Try me

An Introduction to You

There are two parts to the document of yourself. The first is who you think you are and who you have been. The second is who you think you’ll be and what is likely to make or break that outcome. Spoiler, this page is going to ask you to write. Twice. If you want to read, feel free to check out an essay on the second task, here.

1. Is your life guided by you?

This is not a philosophy prompt. It’s a question-mark in front of your living self. It is there your whole life, to be answered as clearly as you can as soon as you can. The best thing to do is to take a stab at it right now. Update, work on, revise it later if you like, but now is what’s important.
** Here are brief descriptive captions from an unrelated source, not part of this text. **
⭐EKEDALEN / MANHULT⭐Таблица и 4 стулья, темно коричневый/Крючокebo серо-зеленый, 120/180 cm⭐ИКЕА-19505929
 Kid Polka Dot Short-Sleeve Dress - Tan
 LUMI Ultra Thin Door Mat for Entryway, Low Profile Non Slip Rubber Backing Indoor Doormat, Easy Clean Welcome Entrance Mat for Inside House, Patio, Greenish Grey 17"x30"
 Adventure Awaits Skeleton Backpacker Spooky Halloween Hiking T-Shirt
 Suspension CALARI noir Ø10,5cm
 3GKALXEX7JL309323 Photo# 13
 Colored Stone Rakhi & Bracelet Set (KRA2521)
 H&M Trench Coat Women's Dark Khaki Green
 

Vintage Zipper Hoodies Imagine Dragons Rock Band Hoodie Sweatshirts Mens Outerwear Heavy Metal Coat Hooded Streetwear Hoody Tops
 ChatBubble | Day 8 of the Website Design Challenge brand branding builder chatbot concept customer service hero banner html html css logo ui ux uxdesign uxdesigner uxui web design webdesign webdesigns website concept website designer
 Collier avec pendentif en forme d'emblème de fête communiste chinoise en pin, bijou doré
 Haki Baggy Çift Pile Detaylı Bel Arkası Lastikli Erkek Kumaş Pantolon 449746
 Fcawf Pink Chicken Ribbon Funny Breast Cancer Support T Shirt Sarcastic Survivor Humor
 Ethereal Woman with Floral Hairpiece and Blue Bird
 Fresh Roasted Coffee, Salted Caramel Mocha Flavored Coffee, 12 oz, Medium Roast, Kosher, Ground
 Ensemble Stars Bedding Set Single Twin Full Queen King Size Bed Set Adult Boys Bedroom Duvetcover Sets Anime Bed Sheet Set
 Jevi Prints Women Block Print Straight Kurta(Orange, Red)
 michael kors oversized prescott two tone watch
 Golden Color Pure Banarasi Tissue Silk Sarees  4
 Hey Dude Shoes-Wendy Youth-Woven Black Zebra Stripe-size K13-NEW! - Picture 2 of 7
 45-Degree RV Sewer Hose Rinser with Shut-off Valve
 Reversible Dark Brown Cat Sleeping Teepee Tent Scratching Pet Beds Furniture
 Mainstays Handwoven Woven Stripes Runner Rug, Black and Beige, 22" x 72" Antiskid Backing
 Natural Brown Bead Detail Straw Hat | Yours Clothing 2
Take 20 minutes to produce 250 words.

Those words should say something about these questions:

  • Are you aware of who you are?
  • What you stand for?
  • If you were suddenly in a coma, what is it you would need your closest people to know?
  • Where do you come from?
  • What matters?

Whether your self is absolutely clear or not, now is a great time to take stock.

  1. Open any text editor, and watch the clock: 20 minutes.
  2. Have at it. Write 250 words, and if there’s time, edit them.
  3. Stop when 20 minutes of your life has passed. You’ve got other important things to do besides think.
  4. Save that document. It’s your life, however rough, or biased by what you just ate or thought you were going to do on the internet.

welcome to your life

Nothing is different. Except that you’ve just begun the process of identifying, and changing your life into whatever you want it to be.

The next step? Live some of your life.

Another day, revisit this 250 in another 20 minute session. Update it.

Notice what you thought the first time, and what you newly realize is important. You’re learning about yourself. You’re learning the difference between who you are before you started learning. You’re on the road to mastering the most important study of your life: yourself.

2. Bet your life

Where are you going? The last 250 words describe your life up until now, as if you died right in this moment and needed a summary. Now I want you to imagine the ideal outcome. You live a long healthy life. What happens in that life?

For a more elaborate introduction to this approach, check out the anecdotal essay, here.

I’ll spare you the fun plot-twists you’d get when we do this in a live session. Make sure your 250 words addresses three points:

  1. Your ideal outcome. A dream of who, where you are, and how you live.
  2. What you will do to change who you are now, in order to get there.
  3. Who you will be if you fail to get there, and what the most likely reason(s) is that cause you to fail.